Basada, como 300, en un cómic de Frank Miller (Xerxes), nos cuenta una historia en paralelo a la batalla de las Termópilas, con los atenienses, bajo el mando del heróico Temístocles pateando sin clemencia culos aqueménidas y enfrentándose a la lugarteniente de Jerjes, la bella pero letal Artemisia (no todo iban a ser jamelgos sudorosos) en espectaculares batallas marítimas. También nos cuentan cómo Jerjes pasó a convertirse en el enloquecido Rey-Dios de la primera película.
Cosas que rechinan, unas cuántas, y no me voy a meter en las burradas tácticas o de física, que a fin de cuentas sirven a la espectacularidad. Así que, si hace falta que los atenienses puedan saltar 20 metros sin despeinarse, ¡por Hermes, que los salten! Si las tácticas absurdas funcionan contra los persas, ¡Por Ares, que las empleen! Pero con otras no pude, como el caballo ignífugo que sale de la nada en plena batalla marítima o los terroristas suicidas de Al-Xerxeda.
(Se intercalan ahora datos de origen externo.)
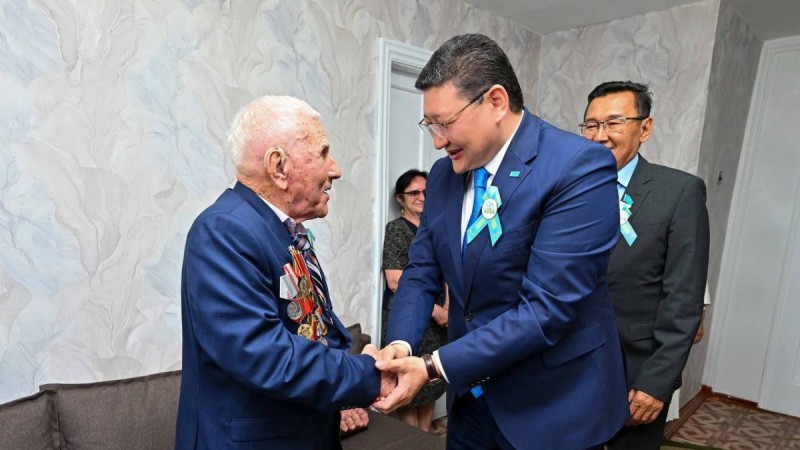 Аким области Абай поздравил ветеранов войны с Днем Победы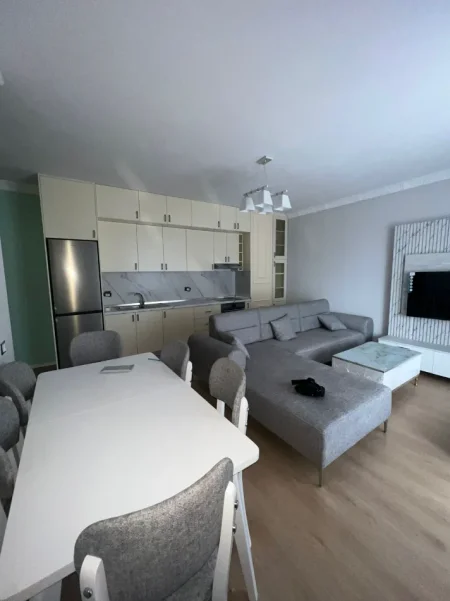 Shqiperi, jepet me qera apartament 1+1 Kati 3, 75 m² 600 € (Jordan Misja)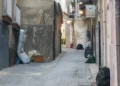 Vicolo del centro storico di Ragusa con rifiuti e ingombranti abbandonati sul marciapiede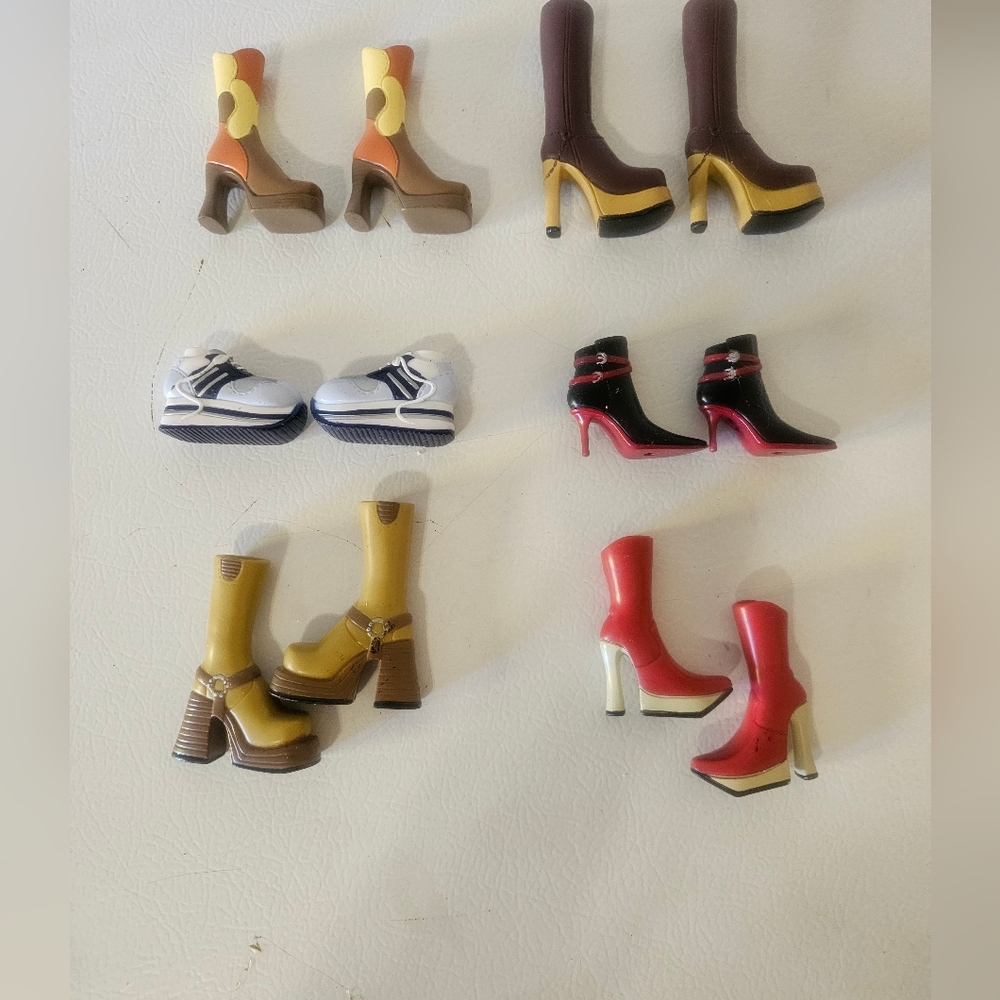 Bratz Doll Shoes Set of 6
Por la parte técnica, muy espectacular en las panorámicas y coreografías muy chulas, pero un uso excesivo de la cámara lenta y un gasto demasiado generoso en botes de Titanlux rojo. La película empieza bien, pero va a menos (no puede sobrevivir únicamente a base de peleas exageradas) y acaba por decaer, hasta desear que se termine.
Al menos, eso sí, es una película honesta. Si quieres ver cuerpos imposibles, batallas épicas y cruentas peleas llenas de casquería, 300: el origen de un imperio, te lo puede dar.